On Sun, Mar 29, 2020 at 10:13:05AM -0400, Jason Clara wrote:
> I had a previous post about when trying to do a device delete that
> it would cause my whole system to hang.  I seem to have got past
> that issue.
>
> For that, it seems like even though all the SCRUBs finished without
> any errors I still had a problem with some files.  By forcing a read
> of every single file I was able to detect the bad files in DMESG.
> Not sure though why SCRUB didn’t detect this.  BTRFS warning (device
> sdd1): csum failed root 5 ino 14654354 off 163852288 csum 0

That sounds like it could be the raid5/6 bug I reported

	https://www.spinics.net/lists/linux-btrfs/msg94594.html

To trigger that bug you need pre-existing corruption on the disk.

You can work around by:

	1.  Read every file, e.g. 'find -type f -exec cat {} + >/dev/null'
	This avoids dmesg ratelimiting which will hide some errors.

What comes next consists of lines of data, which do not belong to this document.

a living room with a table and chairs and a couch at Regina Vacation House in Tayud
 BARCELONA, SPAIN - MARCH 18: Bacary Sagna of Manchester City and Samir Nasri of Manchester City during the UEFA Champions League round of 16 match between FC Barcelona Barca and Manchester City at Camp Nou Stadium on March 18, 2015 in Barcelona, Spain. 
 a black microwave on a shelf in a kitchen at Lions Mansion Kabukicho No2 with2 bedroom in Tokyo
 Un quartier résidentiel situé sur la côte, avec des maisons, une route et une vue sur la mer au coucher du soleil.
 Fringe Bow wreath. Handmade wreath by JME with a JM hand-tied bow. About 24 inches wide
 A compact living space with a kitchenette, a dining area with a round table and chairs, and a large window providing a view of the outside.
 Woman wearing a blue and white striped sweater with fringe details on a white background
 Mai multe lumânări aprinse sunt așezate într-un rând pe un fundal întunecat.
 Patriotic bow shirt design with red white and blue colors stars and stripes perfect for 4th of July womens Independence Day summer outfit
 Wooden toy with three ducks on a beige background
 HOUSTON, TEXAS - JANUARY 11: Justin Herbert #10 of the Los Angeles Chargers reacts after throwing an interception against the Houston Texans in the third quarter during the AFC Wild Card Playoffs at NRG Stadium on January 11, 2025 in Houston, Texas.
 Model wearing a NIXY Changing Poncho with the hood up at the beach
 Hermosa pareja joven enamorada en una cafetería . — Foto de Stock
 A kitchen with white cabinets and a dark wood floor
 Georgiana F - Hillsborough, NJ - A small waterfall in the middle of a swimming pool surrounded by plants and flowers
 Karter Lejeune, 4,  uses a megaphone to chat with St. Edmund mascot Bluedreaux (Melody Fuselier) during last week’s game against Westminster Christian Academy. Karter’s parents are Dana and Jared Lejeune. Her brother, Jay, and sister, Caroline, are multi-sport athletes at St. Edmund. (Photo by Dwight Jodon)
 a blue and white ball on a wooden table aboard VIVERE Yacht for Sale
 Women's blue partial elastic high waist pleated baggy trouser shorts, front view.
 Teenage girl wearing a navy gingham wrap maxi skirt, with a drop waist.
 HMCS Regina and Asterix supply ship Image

	2.  If there are read errors in step 1, remove any that have
	failures.

	3.  Run full scrub to fix parity or inject new errors.

	4.  Repeat until there are no errors at step 1.

The bug will introduce new errors in a small fraction (<0.1%) of corrupted
raid stripes as you do this.  Each pass through the loop will remove
existing errors, but may add a few more new errors at the same time.
The rate of removal is much faster than the rate of addition, so the
loop will eventually terminate at zero errors.  You'll be able to use
the filesystem normally again after that.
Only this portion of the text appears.